**WHAT THE TASK REQUIRES**
The expected output is the line bearing "A gray kitten" followed by all remaining lines of the records, each restated word for word.
···
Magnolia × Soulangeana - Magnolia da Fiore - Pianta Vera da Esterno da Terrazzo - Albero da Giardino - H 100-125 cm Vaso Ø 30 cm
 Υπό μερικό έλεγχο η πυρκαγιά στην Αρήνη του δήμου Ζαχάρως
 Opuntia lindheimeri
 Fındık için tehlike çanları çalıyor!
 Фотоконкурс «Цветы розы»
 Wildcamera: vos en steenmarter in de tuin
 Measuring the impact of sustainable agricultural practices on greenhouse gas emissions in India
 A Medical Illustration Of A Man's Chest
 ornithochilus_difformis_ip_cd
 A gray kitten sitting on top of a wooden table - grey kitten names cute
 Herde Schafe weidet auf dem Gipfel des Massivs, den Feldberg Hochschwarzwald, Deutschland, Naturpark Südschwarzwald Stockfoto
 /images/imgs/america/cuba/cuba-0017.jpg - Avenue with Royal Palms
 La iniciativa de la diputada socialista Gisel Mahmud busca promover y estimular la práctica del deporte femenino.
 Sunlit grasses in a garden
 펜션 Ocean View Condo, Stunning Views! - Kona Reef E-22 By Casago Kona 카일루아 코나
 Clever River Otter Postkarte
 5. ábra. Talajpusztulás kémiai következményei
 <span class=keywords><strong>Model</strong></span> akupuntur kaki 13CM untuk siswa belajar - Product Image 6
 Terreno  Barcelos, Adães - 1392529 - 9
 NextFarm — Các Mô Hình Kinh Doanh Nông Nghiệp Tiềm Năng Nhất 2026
···
**TASK RESULT**
 A gray kitten sitting on top of a wooden table - grey kitten names cute
 Herde Schafe weidet auf dem Gipfel des Massivs, den Feldberg Hochschwarzwald, Deutschland, Naturpark Südschwarzwald Stockfoto
 /images/imgs/america/cuba/cuba-0017.jpg - Avenue with Royal Palms
 La iniciativa de la diputada socialista Gisel Mahmud busca promover y estimular la práctica del deporte femenino.
 Sunlit grasses in a garden
 펜션 Ocean View Condo, Stunning Views! - Kona Reef E-22 By Casago Kona 카일루아 코나
 Clever River Otter Postkarte
 5. ábra. Talajpusztulás kémiai következményei
 <span class=keywords><strong>Model</strong></span> akupuntur kaki 13CM untuk siswa belajar - Product Image 6
 Terreno  Barcelos, Adães - 1392529 - 9
 NextFarm — Các Mô Hình Kinh Doanh Nông Nghiệp Tiềm Năng Nhất 2026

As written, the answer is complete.